TRY IT: Both ends included, set down the lines from the line containing "2018 PORSCHE 718" through the last line of the records below, without pictures.

DATA SHOWN:
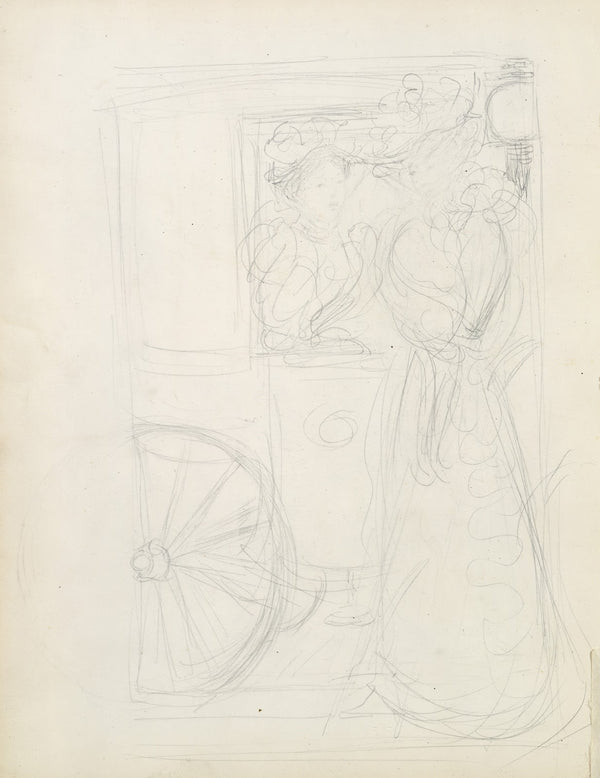 Two women stopping to converse with an acquaintance riding in a carriage 1895189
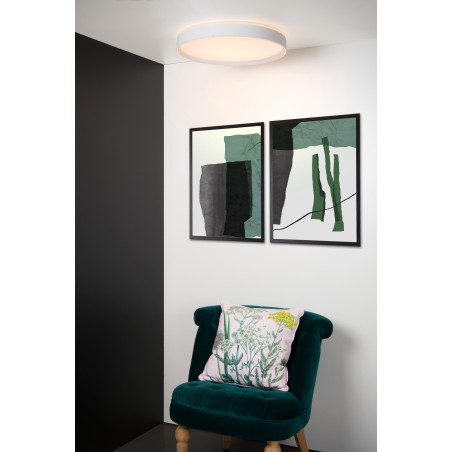 Lucide NURIA - Plafonnier - Ø 50 cm - LED 3 StepDim - 1x36W 2700K - Blanc
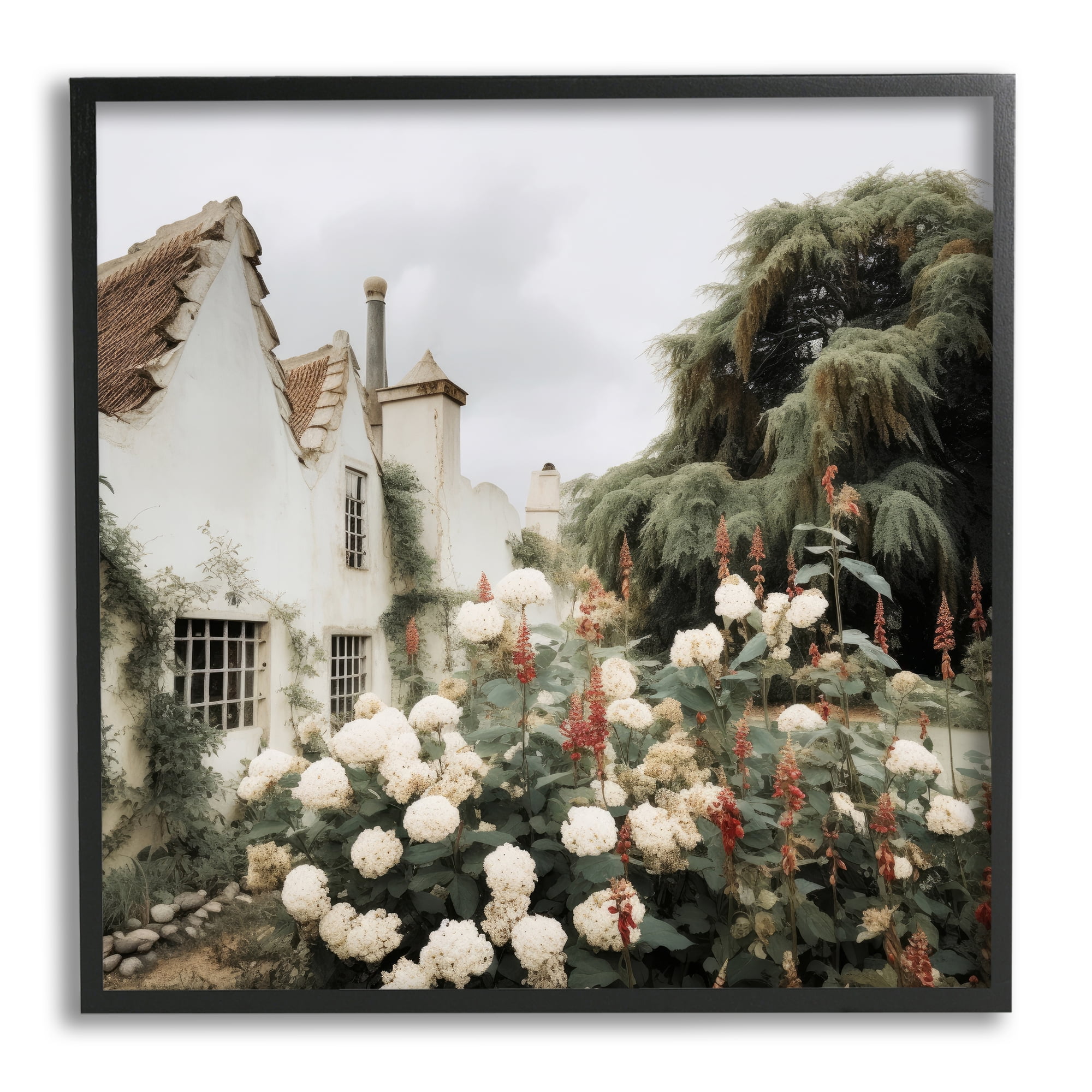 Stupell Industries Floral Villa Garden Botanical & Floral Photography Black Framed Art Print Wall Art, 24 x 24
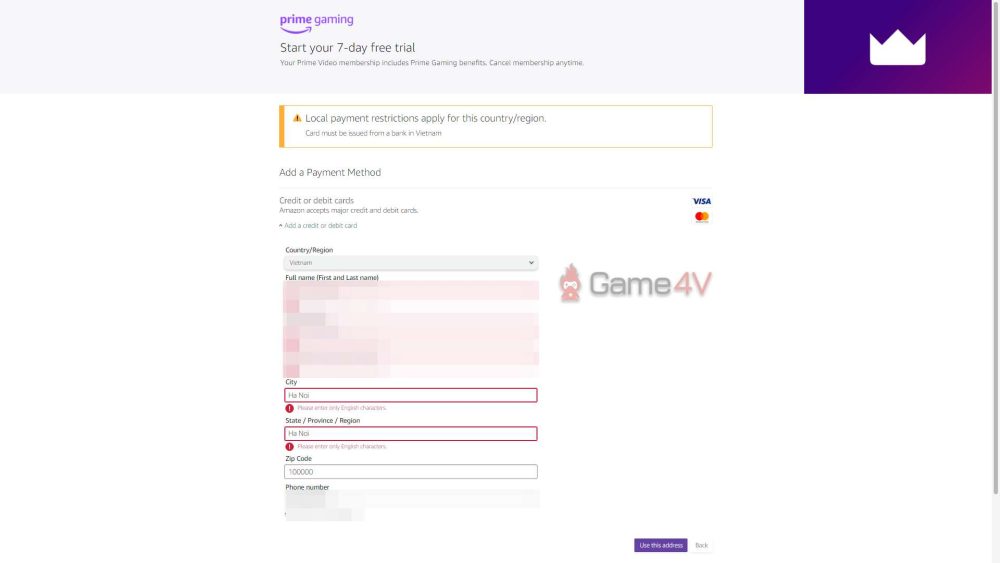 Sau khi điền đầy đủ, ấn vào "Use this address".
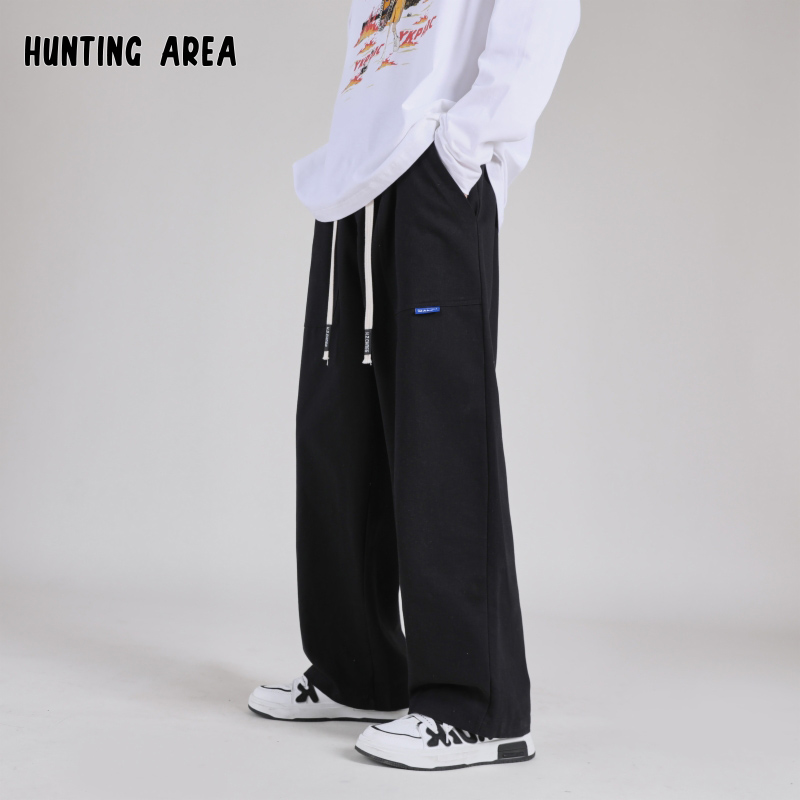 Hunting Area2023AW美版简约字母贴布工装垂感直筒休闲裤男女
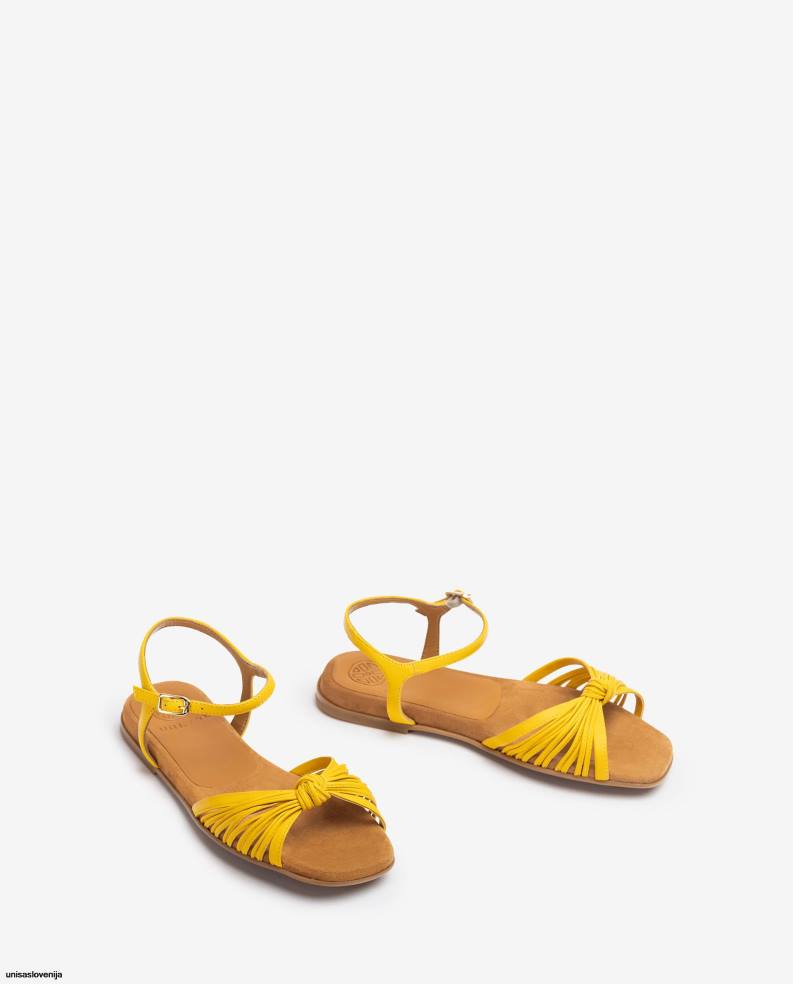 Unisa čevlje ravno usnjen sandal z več trakovi ženske rumena - Unisa on Sale
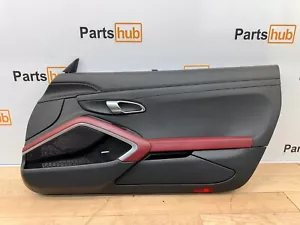 2018 PORSCHE 718 CAYMAN S OEM FRONT RIGHT DOOR PANEL BLACK & RED LEATHER #9999 - Picture 1 of 8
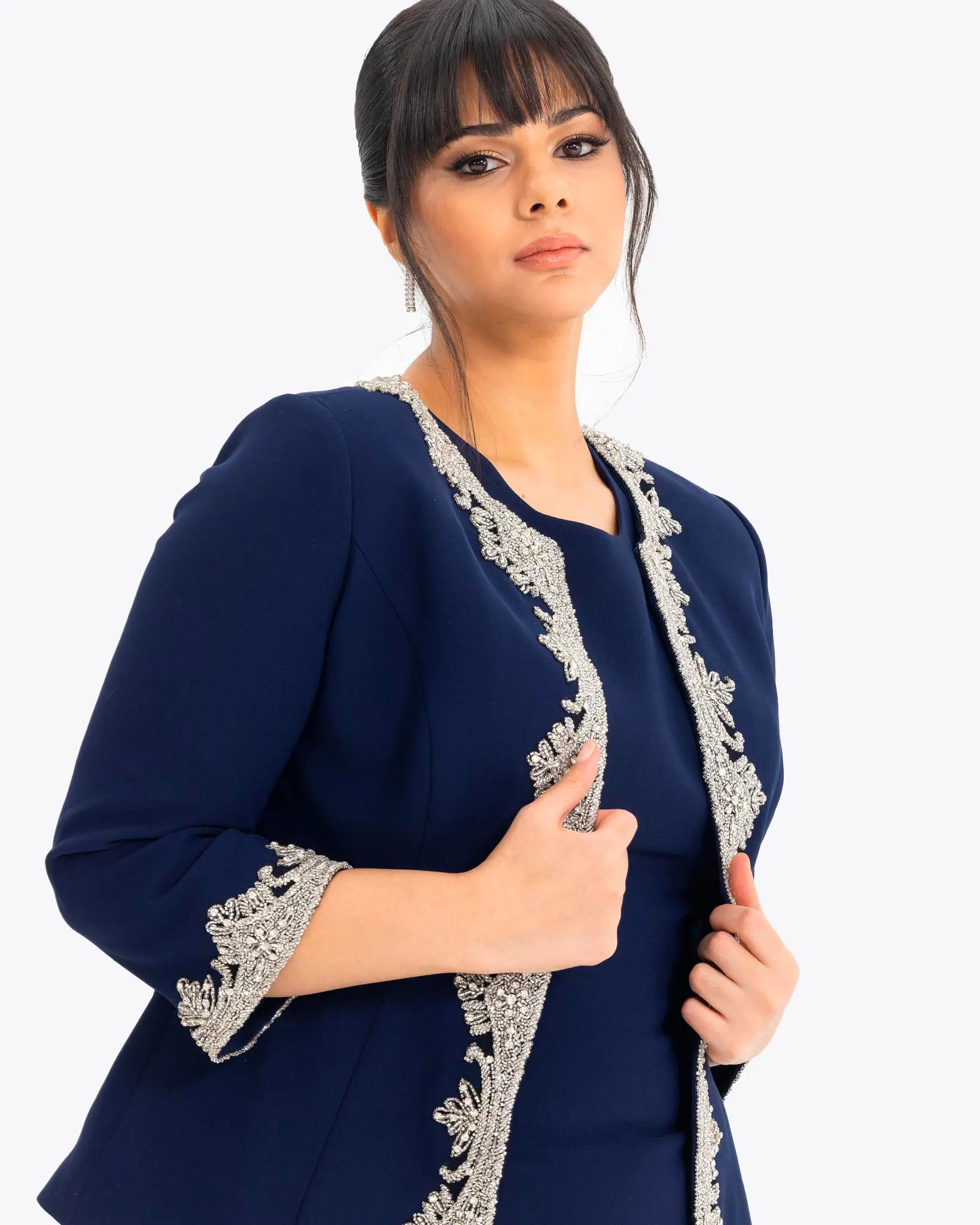 Crepe Fabric Two Piece Evening Dress with Indian Accessories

SOLUTION FOR THIS TASK:
 2018 PORSCHE 718 CAYMAN S OEM FRONT RIGHT DOOR PANEL BLACK & RED LEATHER #9999 - Picture 1 of 8
 Crepe Fabric Two Piece Evening Dress with Indian Accessories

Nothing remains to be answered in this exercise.